Bu durumda acil hekimi hastanın detaylı muayenesini yapar, şüphe duyduğu durumlarda nöroloji veya beyin cerrahisi uzmanına sevk eder.

Bazen hastalar sadece baş ağrısından yakınır. Bu durumda genellikle nöroloji uzmanına başvururlar. Nöroloji uzmanı detaylı muayene ve görüntüleme yöntemlerinden sonra tanı koyduğu hastaları tedavi için beyin cerrahisi uzmanına yönlendirir.

Bazen kadın hastalar adet düzensizliğinden dolayı Kadın Doğum uzmanına, erkek hastalar cinsel iktidarsızlıktan dolayı Üroloji uzmanına başvurabilirler. 

Bu durumda bu hekimler şüphelendiği kişilerden görüntüleme yöntemlerini isteyip hipofiz adenomuna rastlayabilir. Bu durumda hastayı tedavi altına alınması için beyin cerrahisi uzmanına sevk eder.

Bazen hipofiz adenomu hiçbir belirti vermez. Bu durumda hastalara başka bir nedenden dolayı dolayı çekilen görüntüleme yönteminde tümörlü dokuya rastlanabilir. Böyle bir durumda hastanın genel durumuna ve tümörün boyutlarına göre tedavi planlanır.

Hastalarda baş ağrısı, görme bozukluğu, adet düzensizliği, cushing hastalığını andıran vücut bulguları (aşırı kıllanma, yüzde yağlanmanın artışı, göbekte mor çatlaklar gibi), akromegaliyi andıran vücut bulguları (el ve ayakta büyüme, ayak numarasında artış, dilde büyüme, burunda büyüme) gibi bulguların varlığında hekim tarafından muayene edilmelidir.

Çocuk hastalarda hipofiz adenomu semptomlarının varlığında Çocuk Nörolojisi uzmanına başvurulabilir.
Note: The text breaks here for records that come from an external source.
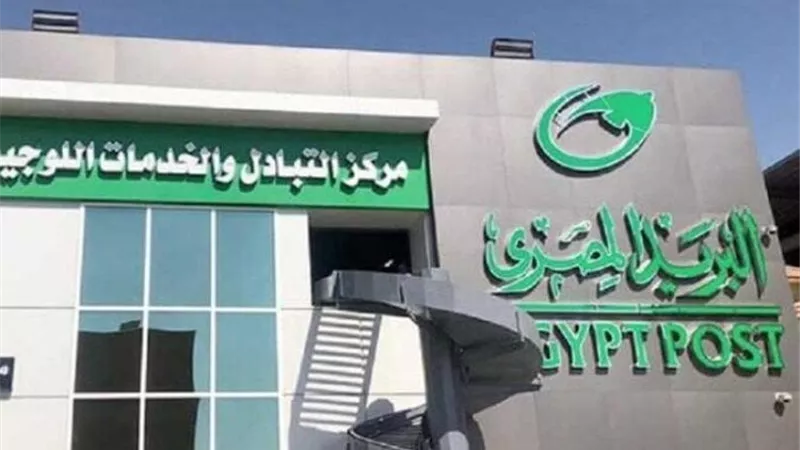 البريد المصري يخطو نحو تقديم خدمات مالية جديدة داخل الحرم الجامعي لمعاهد الجزيرة العليا بالمقطم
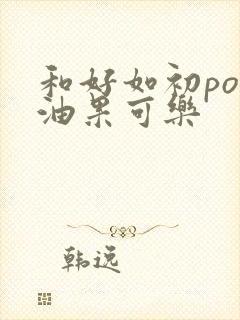 和好如初po牛油果可乐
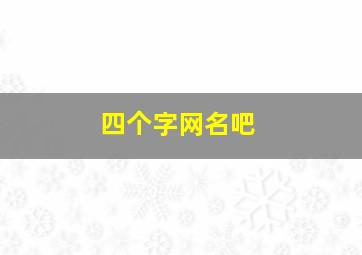 四个字网名吧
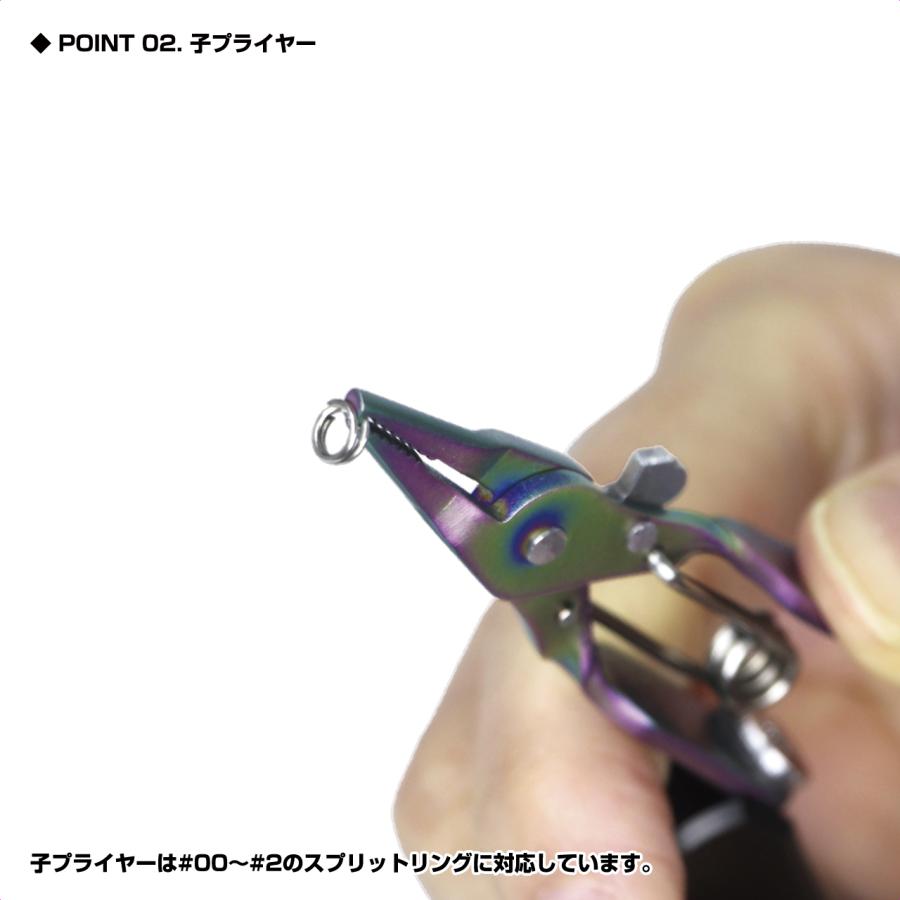 【クリックポスト発送】(PROX) 親子スプリットプライヤー (PX276MK) | PROX | 02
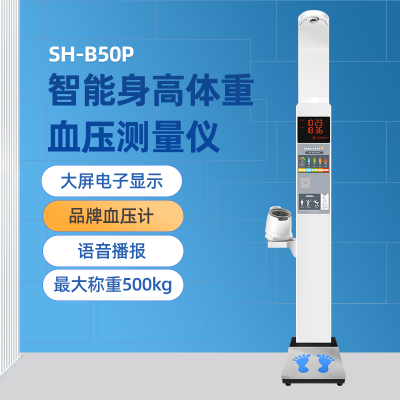 上禾 身高体重体检秤 SH-B50P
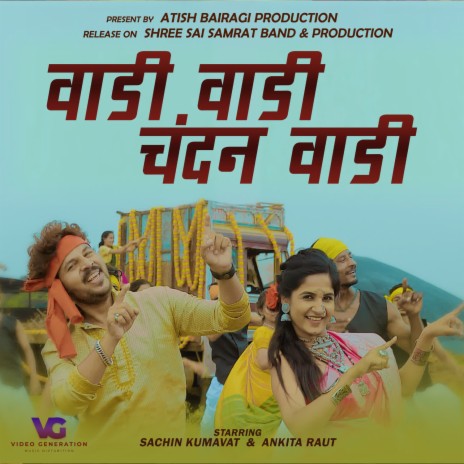Vadi Vadi Chandan Vadi (feat. Sachin Kumavat,Ankita Raut) | Boomplay Music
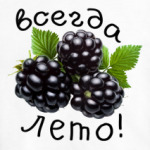 Всегда лето!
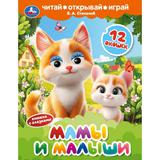Мамы и малыши. Степанов В. А. Книжка с глазками и окошками. 170х220 мм. ЦК. 8 стр. Умка 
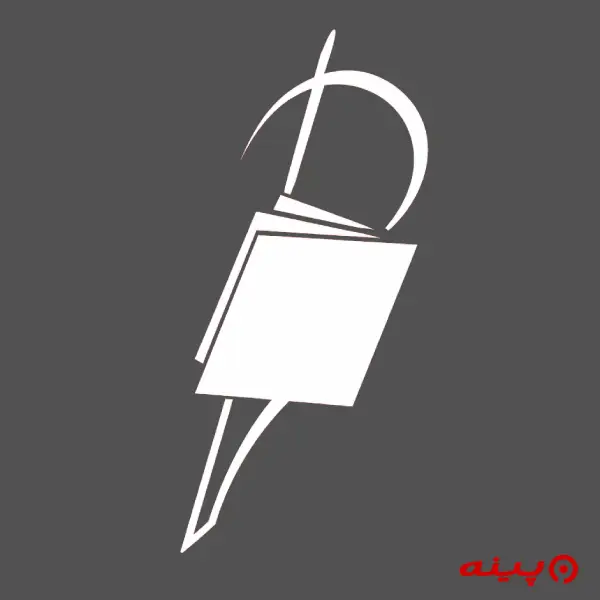 لوگو انتشارات ندای آریانا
Bu durumda ayırıcı tanıyı yapan hekim hipofiz adenomu tanısı koyarsa tedavi için hastayı Çocuk Nöroşirurji uzmanına (çocuk beyin cerrahisi uzmanına) yönlendirebilir.

Makaleyi faydalı buldun mu?
1
0
Makeleyi Paylaşın

Hipofiz Bezi Tümörü ile İlgili Sıkça Sorulan Sorular

Hipofiz Bezi Tümörü Öldürür Mü?

Hipofiz bezi tümörleri benign (iyi huylu) tümörlerdir. Beyin dokusuna ve diğer organlara yayılım yapmaz. Bu yönüyle öldürücü bir etkinliği yoktur. Ancak bazı hipofiz adenomları çok çabuk büyüyüp beyindeki hayati damar ve sinirlerin üzerine baskı uygular. Bu durumda beynin kanlanması bozulup ölüm riski oluşabilir. Ancak bu durum çok nadirdir.

Dr. Büşra Ular

Hipofiz Bezi Tümörü Baş Ağrısı Yapar Mı?

Hipofiz bezi beynin alt kısmında kafa tabanı bölgesinde bulunur. Burdan gelişen adenomların beyinle bağlantısı yoktur. Ancak bu adenomlar beyin zarları ile temas halindedir. Beyin zarlarının gerilmesine neden olup baş ağrısı oluşturabilirler. Bu kişilerde görülen baş ağrısı genellikle geceleri uykudan uyandıran ve sabahları şiddetlenen tarzda bir baş ağrısıdır.